Stored items from a collection
################

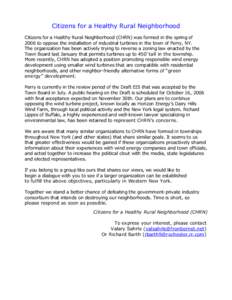 Citizens for a Healthy Rural Neighborhood Citizens for a Healthy Rural Neighborhood (CHRN) was formed in the spring of 2006 to oppose the installation of industrial turbines in the town of Perry, NY. The organization has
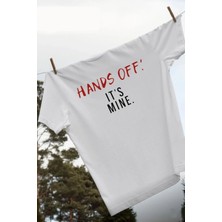 Hediyenza Hands Off It’s Mine Unisex T-Shirt %100 Pamuk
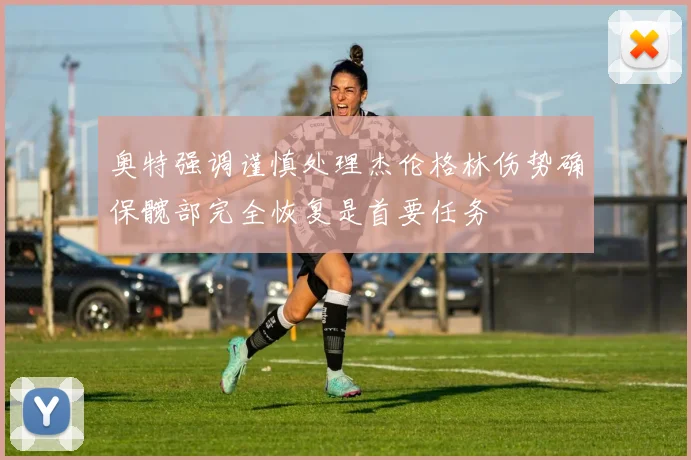 奥特强调谨慎处理杰伦格林伤势确保髋部完全恢复是首要任务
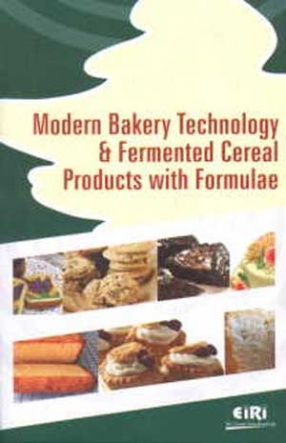 Modern Bakery Technology and Fermented Cereal Products with Formulae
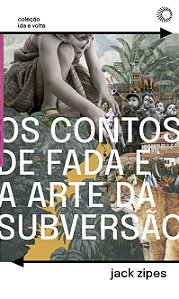 Livro Os Contos De Fada E A Arte Da Subversão - O Gênero ...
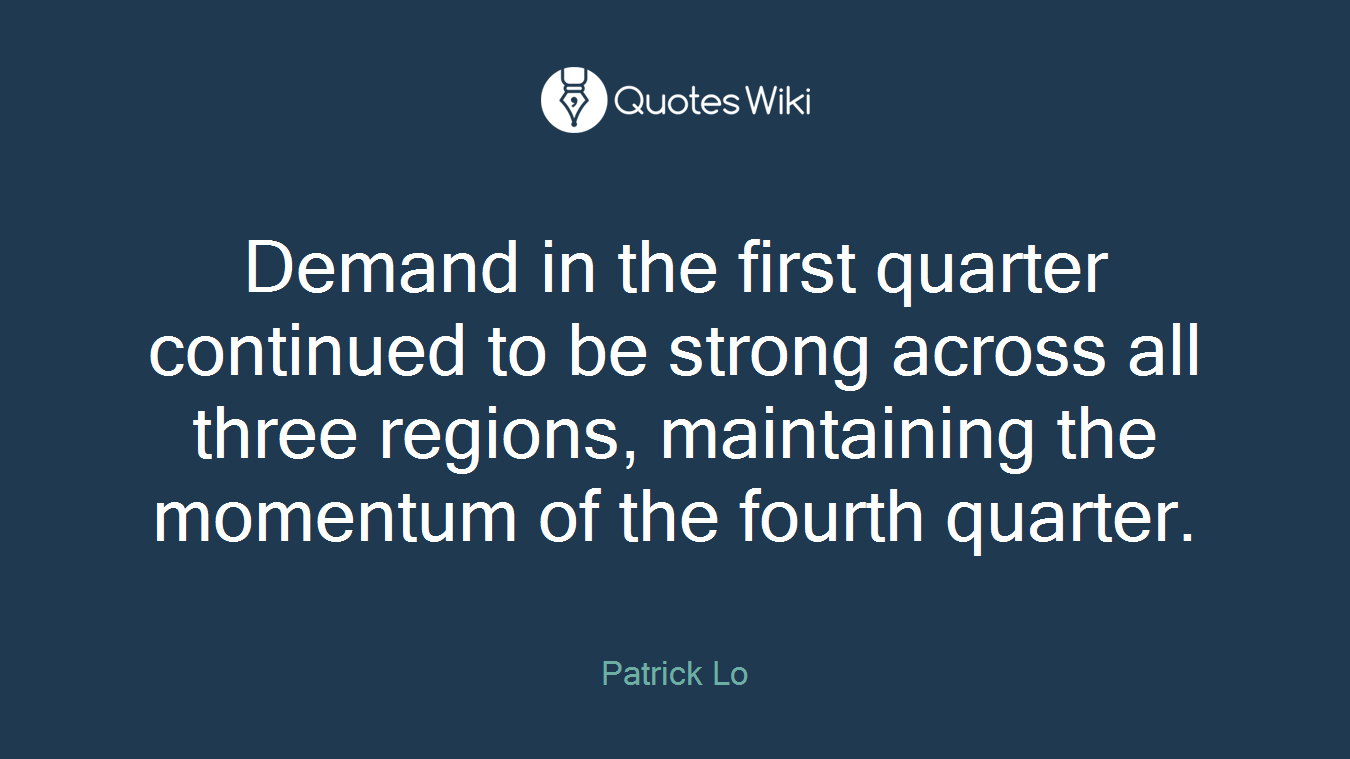 Demand in the first quarter continued to be strong across all three regions, maintaining the momentum of the fourth quarter.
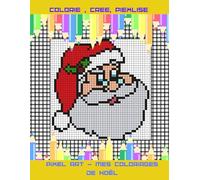 Coloriages Pixels Noël- Cahier avec plus de 60 coloriages pixels - Dès 5 ans: Livre de coloriage Pixel Art Noël - Reproduis et colorie d'après les modèles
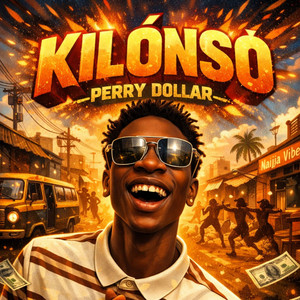 Kilónso by PERRY DOLLAR
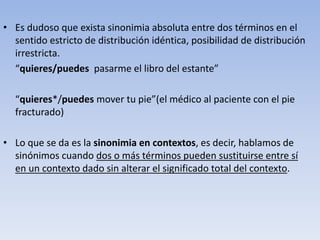• Es dudoso que exista sinonimia absoluta entre dos términos en el
sentido estricto de distribución idéntica, posibilidad de distribución
irrestricta.
“quieres/puedes pasarme el libro del estante”
“quieres*/puedes mover tu pie”(el médico al paciente con el pie
fracturado)
• Lo que se da es la sinonimia en contextos, es decir, hablamos de
sinónimos cuando dos o más términos pueden sustituirse entre sí
en un contexto dado sin alterar el significado total del contexto.
 
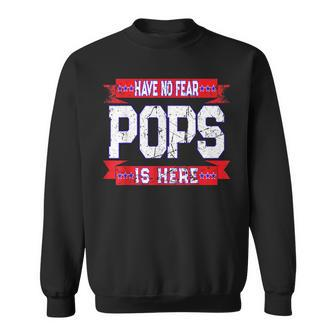 Have No Fear Pops Is Here Vintage Graphic Grandpa Nickname Sweatshirt | Mazezy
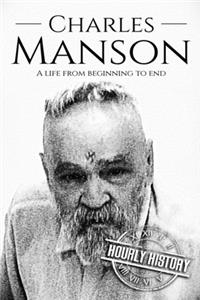 Charles Manson: A Life From Beginning to End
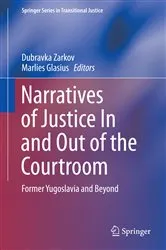 Book cover of Narratives of Justice In and Out of the Courtroom by Dubravka Zarkov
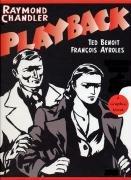 Raymond Chandler, Francois Ayroles, Ted Benoit: Playback (Hardcover, Arcade Publishing)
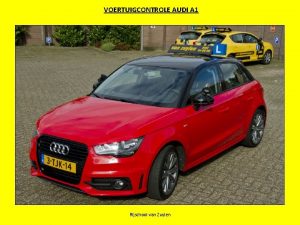 VOERTUIGCONTROLE AUDI A 1 Rijschool van Zuylen OPENEN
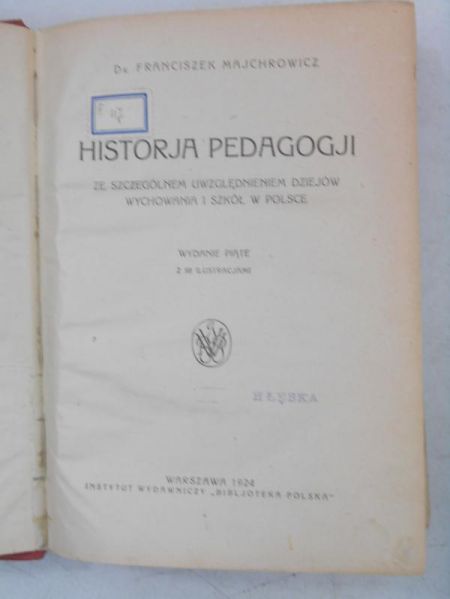 Majchrowicz Franciszek - Historja pedagogji, 1924 r.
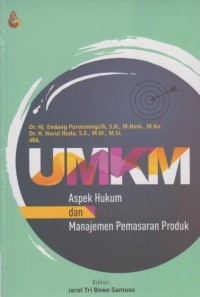 UMKM : Aspek Hukum dan Manajemen Pemasaran Produk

################

## TASK GOAL
Take the entries above and copy exactly the lines starting at the one with "Modern Bakery Technology" and ending at the one with "Demand in the"; nothing outside that span, and no pictures.

## ANSWER BOX
 Modern Bakery Technology and Fermented Cereal Products with Formulae
 Livro Os Contos De Fada E A Arte Da Subversão - O Gênero ...
 Demand in the first quarter continued to be strong across all three regions, maintaining the momentum of the fourth quarter.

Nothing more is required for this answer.